Before he found religion and embraced online gambling by signing landmark legislation in 2013, Governor Chris Christie of New Jersey vetoed an earlier internet gaming bill in March 2011.

Christie said it was “a legal fiction” to argue online poker and other internet games actually occur in Atlantic City where computer servers process the activity and the only place in New Jersey where the state constitution permits casino gaming to be conducted.

New Jersey’s internet gaming model has come to be known as the “hub and spoke” model, with Atlantic City being the hub accepting bets via spokes reaching the rest of the state.

The Seminole Tribe of Florida also used a hub and spoke model to accept sport bets online from November 1 through December 4 last year in accordance with a new tribal-state compact approved by state, federal and tribal governments.

The Seminoles were forced to stop accepting online bets after a November 22, 2021 ruling by U.S. District Judge Dabney Friedrich of Washington, D.C. who declared the wagers and the new compact violated the Indian Gaming Regulatory Act (IGRA) of 1988.

Friedrich echoed Christie in dismissing the notion that the hub and spoke model for internet gambling is legal on grounds that the gambling activity would occur at the site of the server on tribal lands, rather than the location of the bettor elsewhere in Florida.

“[T]his court cannot accept that fiction,” Friedrich wrote on page 19 of her 25-page opinion.

It is fair to say internet gambling and online sports betting are no longer a fiction in New Jersey, which is receiving almost $200m in revenue per month from these two verticals.

In 2013, Christie signed an amended version of the New Jersey internet gambling law which allayed some of his concerns.

“But the legal fiction part of [Christie’s] argument — it wasn’t really addressed, and that still remains the law today …and is the basis of how internet gaming works [in New Jersey],” said Harry Jackson, an attorney with the Fox Rothschild law firm in Atlantic City.
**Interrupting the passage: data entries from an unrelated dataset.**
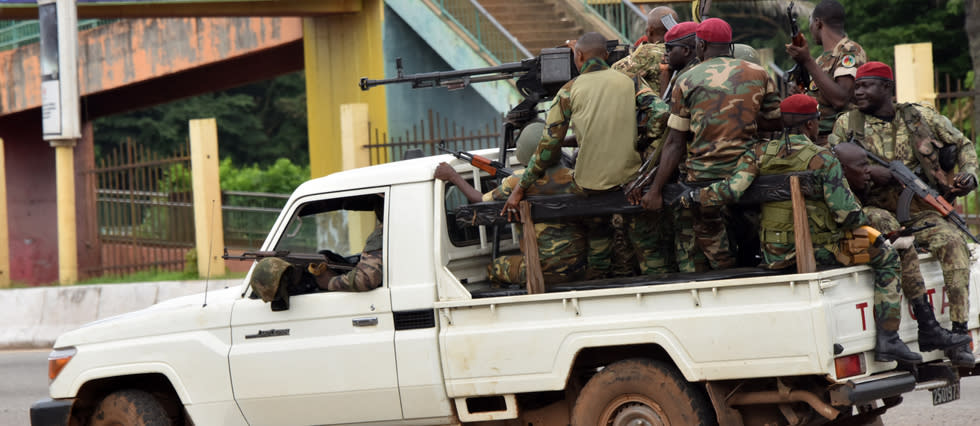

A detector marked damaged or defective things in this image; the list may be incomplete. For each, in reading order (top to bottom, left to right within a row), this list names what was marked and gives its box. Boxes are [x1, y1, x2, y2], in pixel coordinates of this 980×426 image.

rusty beam [0, 0, 362, 19]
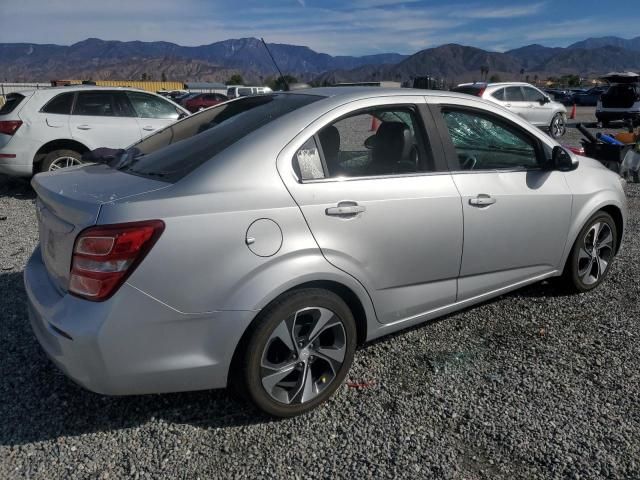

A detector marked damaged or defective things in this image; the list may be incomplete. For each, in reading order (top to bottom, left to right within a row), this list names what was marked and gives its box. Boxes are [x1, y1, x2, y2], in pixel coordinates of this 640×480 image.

damaged vehicle [23, 89, 624, 416]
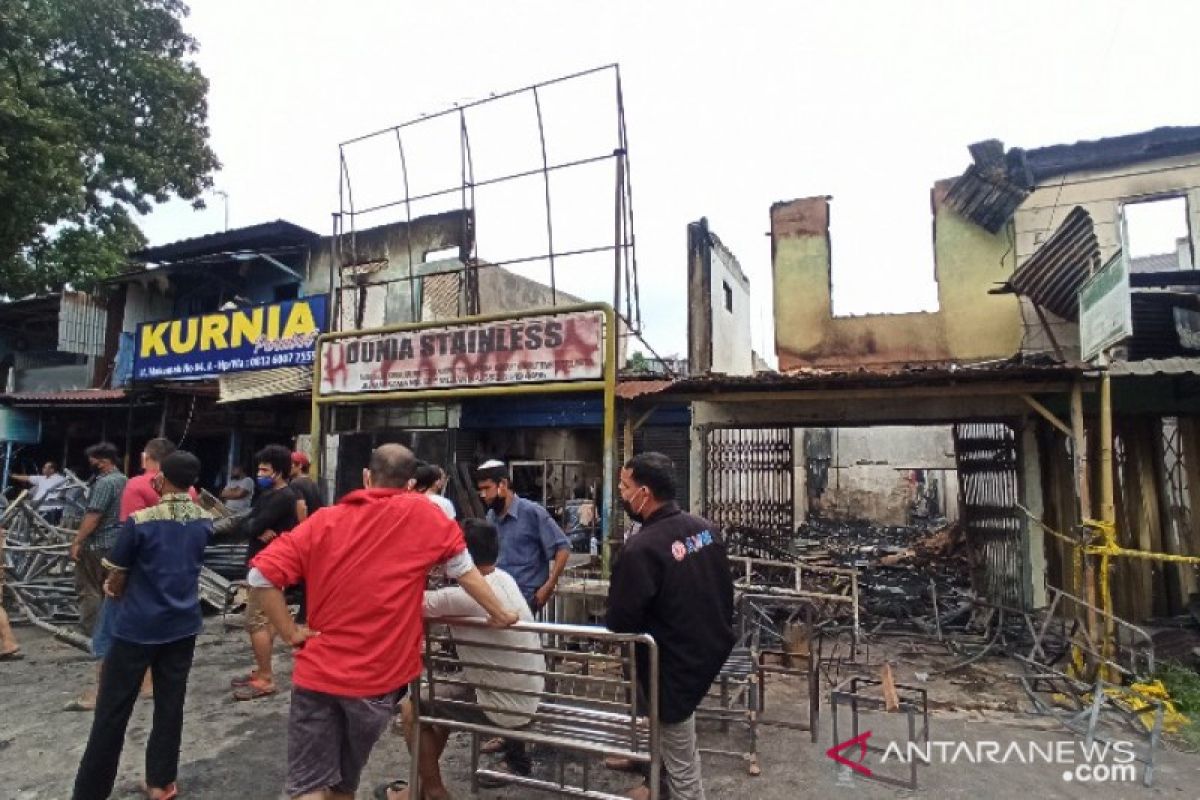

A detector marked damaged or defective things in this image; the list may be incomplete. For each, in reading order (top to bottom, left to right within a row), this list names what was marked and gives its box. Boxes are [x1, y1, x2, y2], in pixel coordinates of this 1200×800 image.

burnt ceiling frame [331, 64, 638, 335]
rusted metal roof sheet [988, 205, 1099, 321]
burnt window opening [1118, 195, 1195, 273]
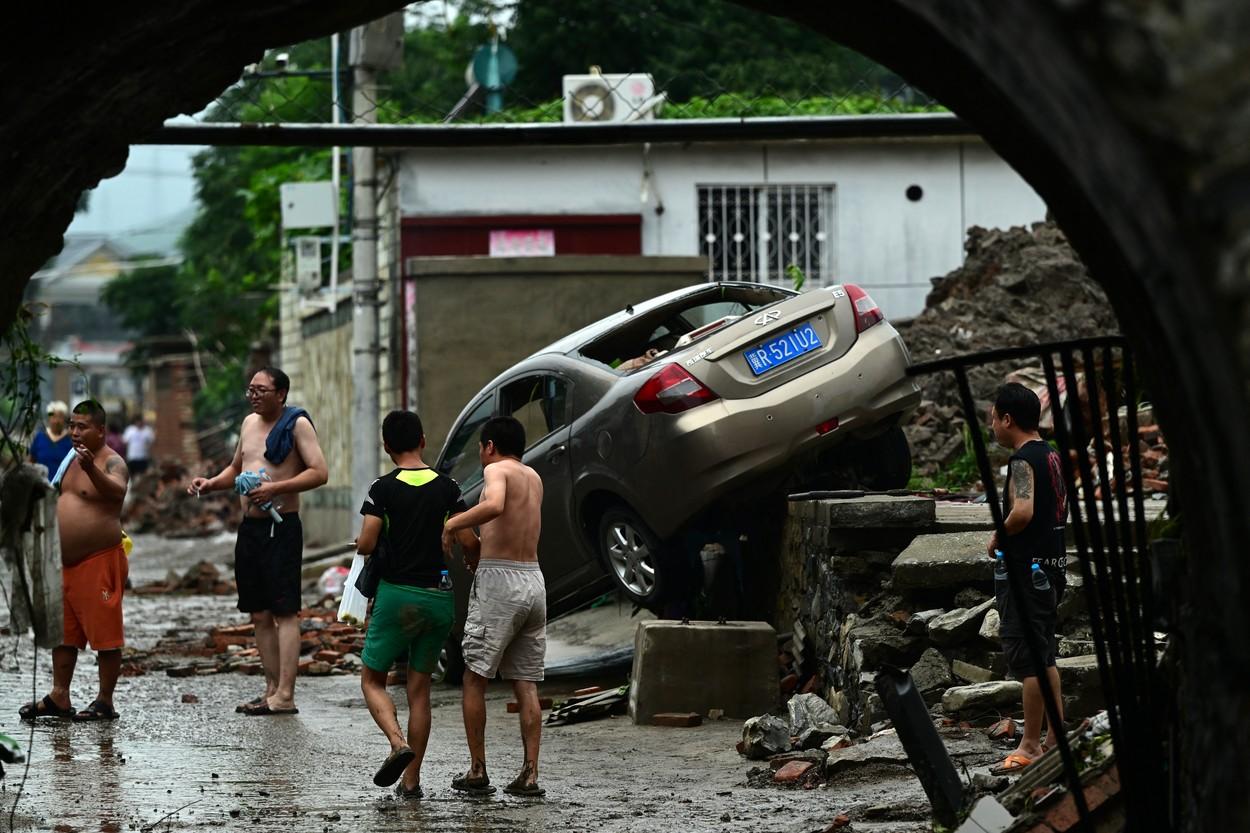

Jackson delivered his remarks last month during the Seton Hall Law School's Gaming Law, Compliance and Integrity Boot Camp in Newark, New Jersey.

Noting his association with Fox Rothschild, which represents the Seminoles via Hard Rock International, Jackson declined to elaborate on his comments when contacted this week.

Nevertheless, the argument that Florida’s internet sports-betting operations were basically the same as New Jersey’s may come up in the appeal of Friedrich’s decision.

The appeal is expected to be heard later this year by the U.S. Court of Appeals for the D.C. Circuit.

“I think conceptually the Seminoles’ model is similar to New Jersey’s system, but don’t think the comparison does much for the Seminoles,” said Bob Jarvis, a gaming law professor at the Shepard Broad College of Law in Davie, Florida.

“A state can pretty much do whatever it wants inside its borders while a tribe has to comply with IGRA. Thus, I suspect the D.C. Circuit is going to give this argument very short shrift.”

The test for the Seminoles in their appeal is proving their internet gambling operations “are legal under IGRA, or at least not illegal,” according to Jarvis.

“Of course, they are helped in making this showing by the fact that the [U.S.] Department of the Interior let the compact [with Florida] go through, meaning it thought the Seminoles’ plan was legal,” Jarvis said.

No matter how the appeal is decided, Jarvis described the chances for the Seminole case to reach the U.S. Supreme Court as “excellent.”

“The one fly in the ointment is that the Seminoles would be [appealing] an issue that two circuit courts have ruled on in the same way,” Jarvis said.

Jarvis was referring to Friedrich’s decision and the Desert Rose ruling in 2018 by the Ninth U.S. Circuit Court of Appeals in California rejecting tribal online bingo.

“But I think the justices will overlook the lack of a conflict,” he said.

“Indeed, the [Supreme Court] may even feel it has to step in to provide guidance before more circuit courts take up the issue.”